Zambian villagers allowed to take legal action against mining giant in UK
High Court judge allows 1,826 Zambian villagers to take legal action against mining giant Vedanta Resources Plc through the UK Courts
Posted on 27 May 2016
A High Court judge has agreed that a legal claim against UK based mining giant Vedanta Resources Plc and its subsidiary Konkola Copper Mines (KCM), on behalf of 1,826 Zambian villagers can proceed in the UK Courts.
In his ruling, handed down today, Mr Justice Coulson granted jurisdiction over the claims, which involve allegations of serious environmental pollution, and rejected the Defendants’ arguments that the cases must be brought in Zambia.
The judgment follows a hearing in April this year where the court heard arguments from the Defendants, Vedanta, one of the UK’s largest mining companies with an asset base of US$37 billion, and its Zambian subsidiary KCM, against the jurisdiction of the English courts to try the claims.
Both UK-based Vedanta and Zambian KCM argued that the UK court had no jurisdiction to try the claims against them. Lawyers for the mining companies argued that the claims against both Defendants should be tried in Zambia because the Claimants are Zambian and the damage occurred in Zambia.
However, Leigh Day, the lawyers for the claimants, argued that the cases should be tried by the English courts. They argued that under EU law the Claimants had a legal right to bring a claim against UK-based Vedanta. They also argued that Vedanta should bear equal legal responsibility, given its control over its mining subsidiary, the profit it makes from the mine and its alleged knowledge of the pollution.
The Claimants’ lawyers further argued that KCM was a necessary and proper party to the claims and that there was a real risk that they would not achieve justice if the claims are not tried in the UK.
Mr Justice Coulson rejected the arguments of both Defendants. He agreed that the Claimants had a legal right to bring their claim against the UK company Vedanta under EU law, upholding the EU case of Owusu and finding that it applied to group action claims.
In his judgment Mr Justice Coulson also referred to the judgment in U & M Mining Zambia Ltd v Konkola Copper Mines PLC (2014) where the English court had previously found that KCM had repeatedly acted in a dishonest and unjustified manner.

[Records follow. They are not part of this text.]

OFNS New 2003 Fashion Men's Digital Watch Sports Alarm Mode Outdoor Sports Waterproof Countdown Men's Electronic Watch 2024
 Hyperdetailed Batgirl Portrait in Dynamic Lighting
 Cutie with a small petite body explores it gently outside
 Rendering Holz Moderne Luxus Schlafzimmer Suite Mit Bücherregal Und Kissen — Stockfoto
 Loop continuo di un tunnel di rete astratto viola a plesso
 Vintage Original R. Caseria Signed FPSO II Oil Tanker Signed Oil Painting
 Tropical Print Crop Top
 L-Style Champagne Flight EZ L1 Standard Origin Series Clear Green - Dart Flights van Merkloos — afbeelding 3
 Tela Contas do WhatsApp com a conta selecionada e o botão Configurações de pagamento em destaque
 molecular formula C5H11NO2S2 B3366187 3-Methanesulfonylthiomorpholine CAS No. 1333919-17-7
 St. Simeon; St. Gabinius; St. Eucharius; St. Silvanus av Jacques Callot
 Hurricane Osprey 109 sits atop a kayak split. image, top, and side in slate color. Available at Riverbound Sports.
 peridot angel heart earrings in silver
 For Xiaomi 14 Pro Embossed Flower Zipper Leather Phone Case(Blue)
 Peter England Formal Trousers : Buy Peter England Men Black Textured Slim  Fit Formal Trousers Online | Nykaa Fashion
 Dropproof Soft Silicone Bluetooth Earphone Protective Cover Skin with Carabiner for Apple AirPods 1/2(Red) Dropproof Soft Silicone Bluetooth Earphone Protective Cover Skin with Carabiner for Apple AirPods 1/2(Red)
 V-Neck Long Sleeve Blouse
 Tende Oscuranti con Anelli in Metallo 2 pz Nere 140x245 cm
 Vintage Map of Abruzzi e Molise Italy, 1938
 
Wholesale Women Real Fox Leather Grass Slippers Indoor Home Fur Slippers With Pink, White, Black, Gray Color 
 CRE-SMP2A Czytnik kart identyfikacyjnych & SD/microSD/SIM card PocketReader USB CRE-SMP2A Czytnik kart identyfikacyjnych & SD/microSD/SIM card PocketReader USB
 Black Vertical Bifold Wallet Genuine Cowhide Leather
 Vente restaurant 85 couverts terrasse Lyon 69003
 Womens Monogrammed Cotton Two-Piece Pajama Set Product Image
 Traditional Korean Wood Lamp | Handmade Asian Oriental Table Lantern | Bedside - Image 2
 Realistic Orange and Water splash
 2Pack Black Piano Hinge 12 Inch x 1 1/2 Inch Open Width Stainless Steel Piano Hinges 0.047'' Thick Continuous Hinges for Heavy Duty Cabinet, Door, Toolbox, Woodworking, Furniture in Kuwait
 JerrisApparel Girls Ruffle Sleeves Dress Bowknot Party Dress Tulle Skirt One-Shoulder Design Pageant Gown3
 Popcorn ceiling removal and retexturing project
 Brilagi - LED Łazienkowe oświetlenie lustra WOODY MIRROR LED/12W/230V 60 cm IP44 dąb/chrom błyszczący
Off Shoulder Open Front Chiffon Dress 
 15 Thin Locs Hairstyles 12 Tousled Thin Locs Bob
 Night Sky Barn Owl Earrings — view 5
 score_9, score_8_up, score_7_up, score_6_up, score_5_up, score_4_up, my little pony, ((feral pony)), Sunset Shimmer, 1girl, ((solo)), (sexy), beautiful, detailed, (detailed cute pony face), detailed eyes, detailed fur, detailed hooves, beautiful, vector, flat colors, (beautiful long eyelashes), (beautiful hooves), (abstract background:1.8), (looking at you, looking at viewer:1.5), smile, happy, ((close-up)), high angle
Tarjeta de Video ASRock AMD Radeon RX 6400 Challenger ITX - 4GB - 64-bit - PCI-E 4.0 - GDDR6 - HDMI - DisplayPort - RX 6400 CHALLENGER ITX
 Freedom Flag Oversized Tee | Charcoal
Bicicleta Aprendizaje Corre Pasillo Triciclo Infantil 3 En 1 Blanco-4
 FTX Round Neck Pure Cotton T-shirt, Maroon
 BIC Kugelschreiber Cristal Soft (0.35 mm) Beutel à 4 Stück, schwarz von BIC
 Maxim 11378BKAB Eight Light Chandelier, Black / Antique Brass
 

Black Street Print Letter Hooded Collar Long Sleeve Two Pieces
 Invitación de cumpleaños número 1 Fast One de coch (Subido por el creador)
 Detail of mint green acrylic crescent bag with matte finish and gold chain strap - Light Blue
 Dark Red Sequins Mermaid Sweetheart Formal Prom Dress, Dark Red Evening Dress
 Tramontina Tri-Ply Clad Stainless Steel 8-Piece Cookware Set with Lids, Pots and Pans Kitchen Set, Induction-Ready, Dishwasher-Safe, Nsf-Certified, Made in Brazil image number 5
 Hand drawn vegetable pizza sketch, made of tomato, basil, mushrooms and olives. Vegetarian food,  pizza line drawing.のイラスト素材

Mr Justice Coulson commented on the fact that KCM relied on evidence from a witness who had previously been found to be dishonest.
Mr Justice Coulson also stated “KCM may not be able to honour their debts as they fall due” and therefore “a claim against the much wealthier parent company is justified on practical terms too” (paragraph 81 of the judgment).
In rejecting KCM’s application and allowing the claim against them to proceed in the UK courts, Mr Justice Coulson made a number of important findings. He found that the claims against KCM had a real prospect of success in part because “there have been, as a matter of record, discharges of toxic effluent from the mine into the relevant waterways” (paragraph 99(b) of the judgment) and because “there is no attempt, in the evidence served on behalf of KCM, to challenge the underlying basis of the claimants’ claim against KCM” (paragraph 99(d) of the judgment).
Mr Justice Coulson further found that KCM are a necessary or proper party to the claim against Vedanta and that England is the appropriate place to bring the claim.
Mr Justice Coulson rejected the evidence submitted by KCM that the Claimants would be able to pursue their claims in Zambia, stating that, “if these claimants pursued KCM in Zambia, they would not obtain justice” (paragraph 177 of the judgment).
The Judge noted that the Claimants are clearly very poor and cannot afford legal representation and there is no alternative method of funding available to them in Zambia including through legal aid. Furthermore, there is a clear lack of lawyers experienced in environmental group litigation in Zambia.
Finally, Mr Justice Coulson found that the evidence suggested that these sorts of claims could not be properly litigated in Zambia due to the fact that the few cases that have been attempted have failed.
Martyn Day, Senior Partner and the lawyer at Leigh Day representing the villagers, said: “Given the fact that our clients continue to suffer on a daily basis as a result of what we claim is the continual pollution by the Defendants mining operations, we hope that the Defendants will now engage in meaningful discussions and try to resolve these claims so that our clients can rebuild their lives.”